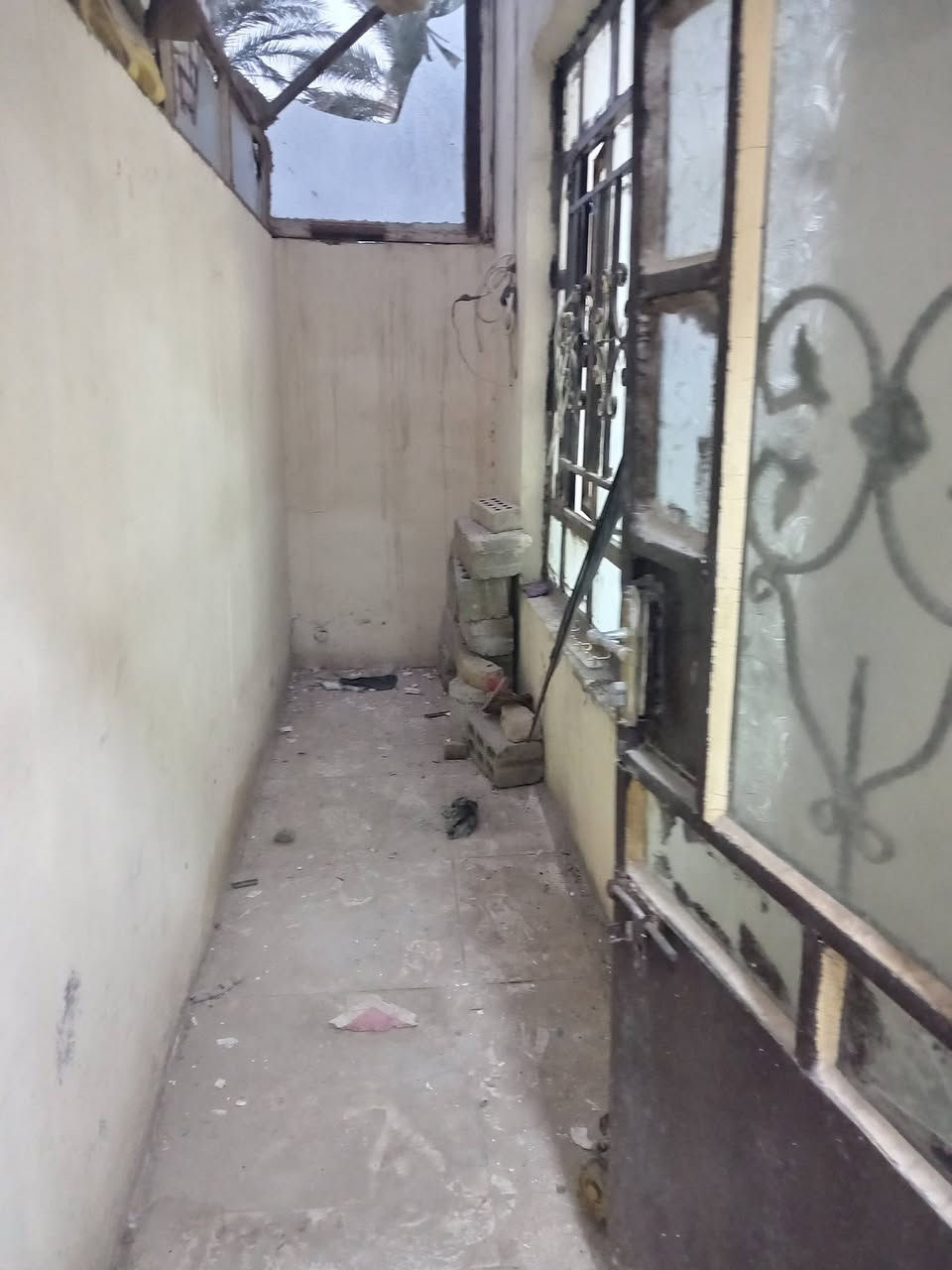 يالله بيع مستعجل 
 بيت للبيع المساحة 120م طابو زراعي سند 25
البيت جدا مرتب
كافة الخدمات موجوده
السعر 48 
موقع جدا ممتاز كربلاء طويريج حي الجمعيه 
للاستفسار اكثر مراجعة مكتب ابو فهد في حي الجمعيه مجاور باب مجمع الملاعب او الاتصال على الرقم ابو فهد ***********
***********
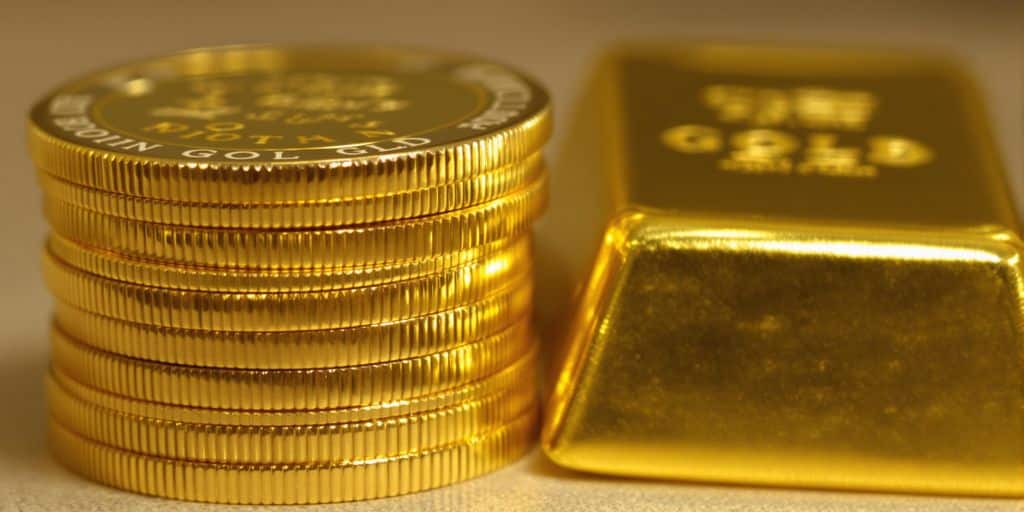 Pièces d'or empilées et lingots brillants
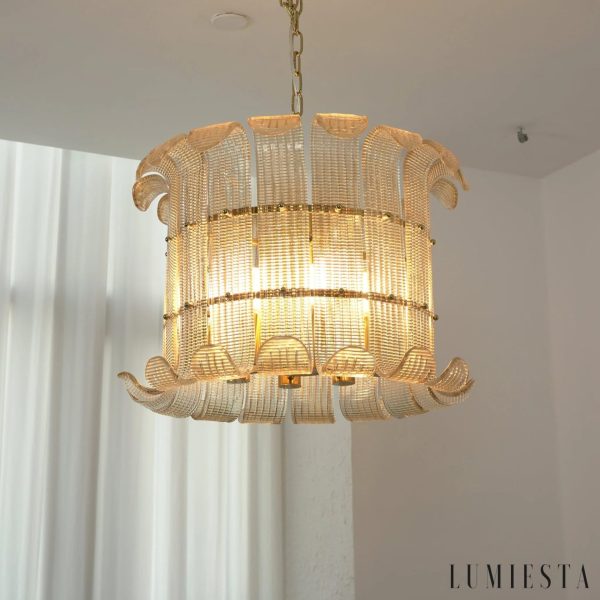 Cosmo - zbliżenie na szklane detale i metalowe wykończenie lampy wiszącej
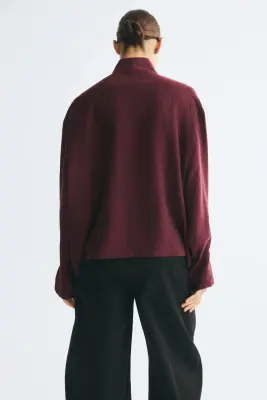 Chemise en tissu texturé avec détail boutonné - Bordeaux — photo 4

Instructions to follow
Pictures aside, retype the entries above exactly as they are.

Solution to this exercise
 يالله بيع مستعجل 
 بيت للبيع المساحة 120م طابو زراعي سند 25
البيت جدا مرتب
كافة الخدمات موجوده
السعر 48 
موقع جدا ممتاز كربلاء طويريج حي الجمعيه 
للاستفسار اكثر مراجعة مكتب ابو فهد في حي الجمعيه مجاور باب مجمع الملاعب او الاتصال على الرقم ابو فهد ***********
***********
 Pièces d'or empilées et lingots brillants
 Cosmo - zbliżenie na szklane detale i metalowe wykończenie lampy wiszącej
 Chemise en tissu texturé avec détail boutonné - Bordeaux — photo 4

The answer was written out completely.